Why Is Chlorine Used to Clean Swimming Pools?
Swimming pool sanitation is the process of ensuring healthy conditions in swimming pools, hot tubs, plunge pools, and similar recreational water venues. Proper sanitation is needed to maintain the visual clarity of water and to prevent the transmission of infectious waterborne diseases.
Sanitation methods include a water filter to remove pollutants, disinfection to kill infectious microorganisms, swimmer hygiene to minimize the introduction of contaminants into pool water, and regular testing of pool water, including chlorine and pH levels.
When chlorine solution is poured into water, various chemicals, including hypochlorous acid and hypochlorite ions, are formed. These kill the micro-organisms and bacteria present in the water by attacking the lipids — groups of naturally-occurring molecules which include fats, waxes, sterols, fat-soluble vitamins and other things — in the cell walls destroying, in the process, enzymes and structures inside the cells. This renders them oxidised and harmless.
Conventional halogen-based oxidizers such as chlorine and bromine are convenient and economical primary sanitizers for swimming pools and provide a residual level of sanitizer that remains in the water. Chlorine-releasing compounds are the most popular and frequently used in swimming pools whereas bromine-releasing compounds have found heightened popularity in spas and hot tubs.
Swimming pools can be disinfected with a variety of chlorine-releasing compounds. The most basic of these compounds is molecular chlorine (Cl2); however, its application is primarily in large commercial public swimming pools.
Inorganic forms of chlorine-releasing compounds frequently used in residential and public swimming pools include sodium hypochlorite commonly known as liquid bleach or simply bleach, calcium hypochlorite and lithium hypochlorite. Chlorine residuals from Cl2 and inorganic chlorine-releasing compounds break down rapidly in sunlight.
To extend their disinfectant usefulness and persistence in outdoor settings, swimming pools treated with one or more of the inorganic forms of chlorine-releasing compounds can be supplemented with cyanuric acid—a granular stabilizing agent capable of extending the active chlorine residual half-life (t½) by four to sixfold.
Chlorinated isocyanurates, a family of organic chlorine-releasing compounds, are stabilized to prevent UV degradation due to the presence of cyanurate as part of their chemical backbone.
Chlorine reacting with urea in urine and other nitrogen-containing wastes from bathers can produce chloramines. Chloramines typically occur when an insufficient amount of chlorine is used to disinfect a contaminated pool.

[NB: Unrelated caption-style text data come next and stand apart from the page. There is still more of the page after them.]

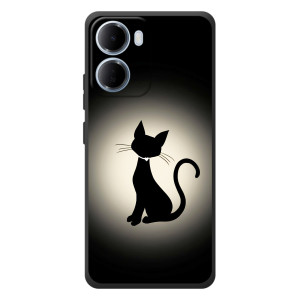 Чохол з принтом для Xiaomi Redmi 15a (AlphaPrint) Модні коти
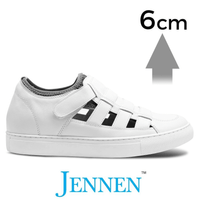 Mr.Paul 6cm 2.4inches Tall White Elevator Sandals for Men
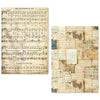 Ciao Bella LuMania MUSIC SHEET A5 Tissue Paper Set - 24 Sheets #ME002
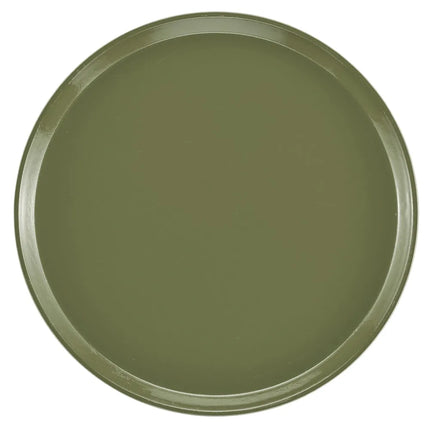 Khay Tròn Phục Vụ Cambro 1600428 Fiberglass 40.6 cm - Màu Xanh Olive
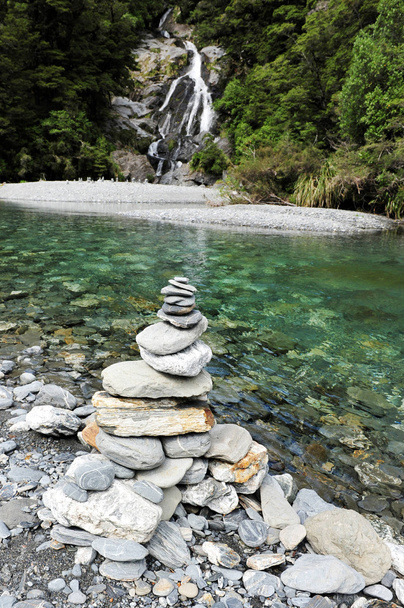 Fantail Falls, länsirannikko, Uusi-Seelanti
 - Valokuva, kuva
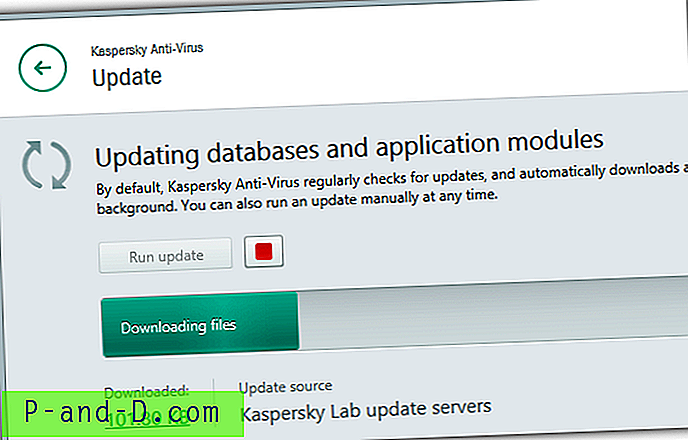 Opret Kaspersky Update Server Mirror til offlineopdateringer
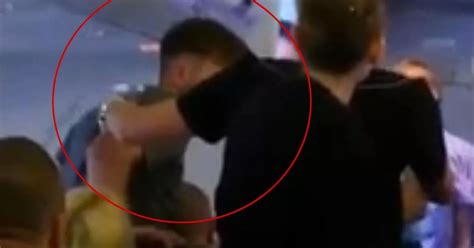 Drunk Passenger Who Forced Ibiza Plane To Make Emergency Landing Filmed Being Kicked Off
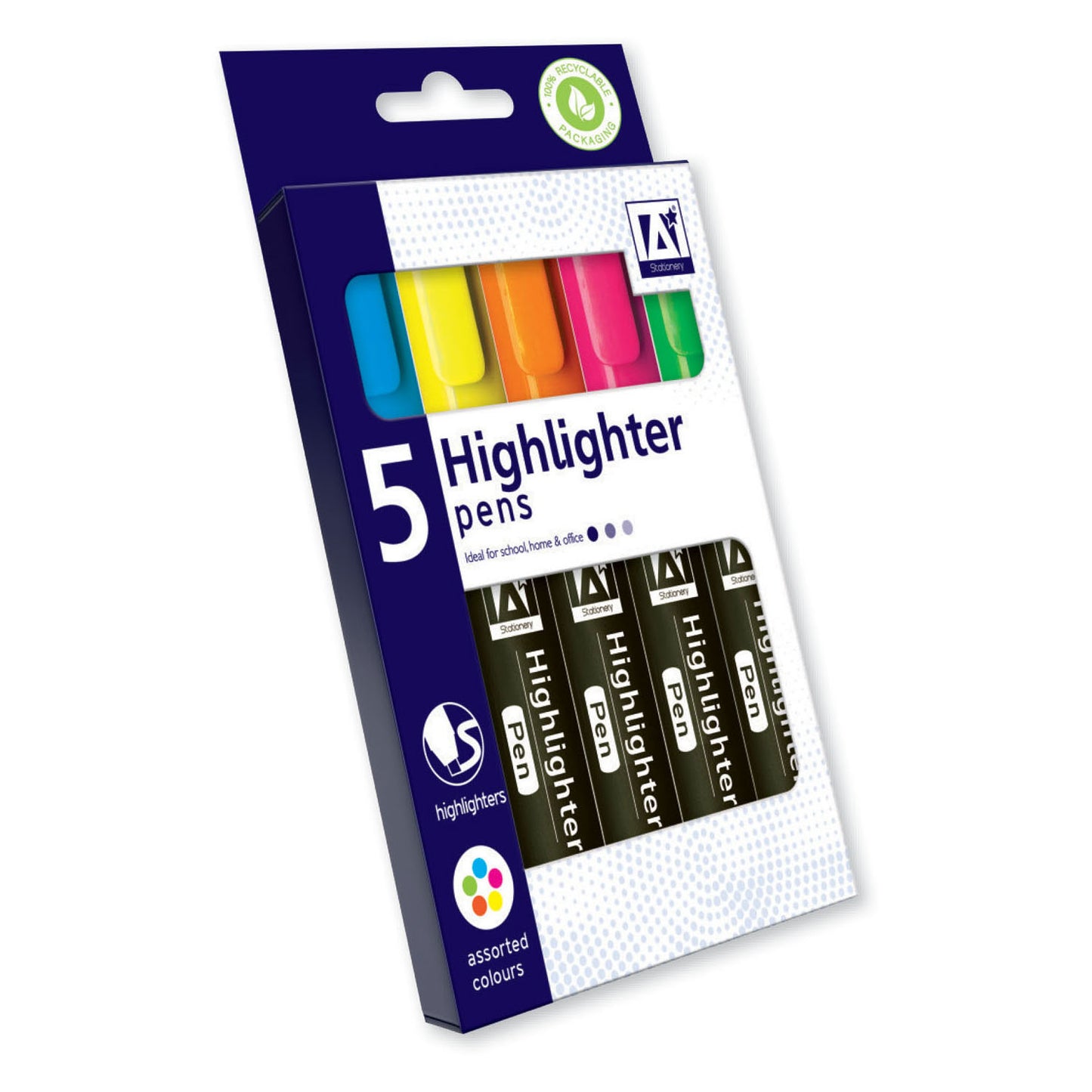 Pack of 5 Highlighter Pens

Chloramines are generally responsible for the noxious, irritating smell prominently occurring in indoor pool settings.
A common way to remove chloramines is to “superchlorinate” (commonly called “shocking”) the pool with a high dose of inorganic chlorine sufficient to deliver 10 ppm chlorine. Regular superchlorination (every two weeks in summer) helps to eliminate these unpleasant odors in the pool.
Levels of chloramines and other volatile compounds in water can be minimized by reducing contaminants that lead to their formation (e.g., urea, creatinine, amino acids and personal care products) as well as by use of non-chlorine “shock oxidizers” such as potassium peroxymonosulfate.
Medium pressure UV technology is used to control the level of chloramines in indoor pools. It is also used as a secondary form of disinfection to address chlorine tolerant pathogens.
A properly sized and maintained UV system should remove the need to shock for chloramines, although shocking would still be used to address a fecal accident in the pool. UV will not replace chlorine, but is used to control the level of chloramines, which are responsible for the odor, irritation, and enhanced corrosion at an indoor pool.